Deputy Eduardo Cruickshank, of the evangelical National Restoration party, was elected Friday as president of the Costa Rican parliament, in an alliance with the government party, which defends gay marriage.
Cruickshank, the first Afro-Costa Rican to preside over the Legislative Assembly, beat legislator Pablo Heriberto Abarca of the opposition Christian Social Unity Party (PUSC), whose group had promoted an entirely opposition agenda.
“Today I come as President of the Legislative Assembly to establish a bridge between the two Costa Ricas,” Cruickshank wrote on social media. “Between Costa Rica outside and Costa Rica inside; between the Greater Metropolitan Area and the peripheral areas; with the firm purpose of integrating them in order to start the construction of a single Costa Rica that works for everyone.”
The vote occurred during a session in an auditorium that allowed legislators — some wearing masks — to to maintain social distance in accordance with coronavirus measures.

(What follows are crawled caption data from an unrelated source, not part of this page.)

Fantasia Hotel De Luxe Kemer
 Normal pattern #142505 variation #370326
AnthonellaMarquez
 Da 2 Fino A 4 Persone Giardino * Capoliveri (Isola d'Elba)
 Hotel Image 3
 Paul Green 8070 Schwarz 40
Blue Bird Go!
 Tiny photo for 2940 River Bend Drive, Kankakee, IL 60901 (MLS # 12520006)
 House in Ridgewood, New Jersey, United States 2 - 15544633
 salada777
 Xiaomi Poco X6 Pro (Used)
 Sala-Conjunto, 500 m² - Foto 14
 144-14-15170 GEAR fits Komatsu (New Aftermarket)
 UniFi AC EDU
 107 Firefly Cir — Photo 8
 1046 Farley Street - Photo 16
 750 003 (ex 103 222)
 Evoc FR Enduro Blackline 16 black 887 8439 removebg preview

Cruickshank’s election became possible after Thursday night, the Social Democratic National Liberation Party, with the largest number of legislative seats, gave its support to the evangelical legislator in exchange for two positions on the congressional board and the definition of a work agenda for next year.
The agenda will be focused on the reactivation of the economy, which has been hit by the COVID-19 pandemic, and cuts in public spending.
President Carlos Alvarado congratulated Cruickshank on his election and said that in the past two years of legislative work, “it was clear that the path of unity and big deals is the key to moving forward.”
Cruickshank is a 64-year-old evangelical lawyer and pastor, and his party, with seven of the 57 seats, is the more moderate of the two evangelical formations in parliament.
The other evangelical party, New Republic, is rigidly against the government and defends a more conservative agenda.
With the new multiparty legislative directory “we have a much broader and clearer ideological economic agenda,” away from the right-wing positions promoted by the PUSC and its allies of the more conservative evangelical bloc, said the independent political analyst Gustavo Araya.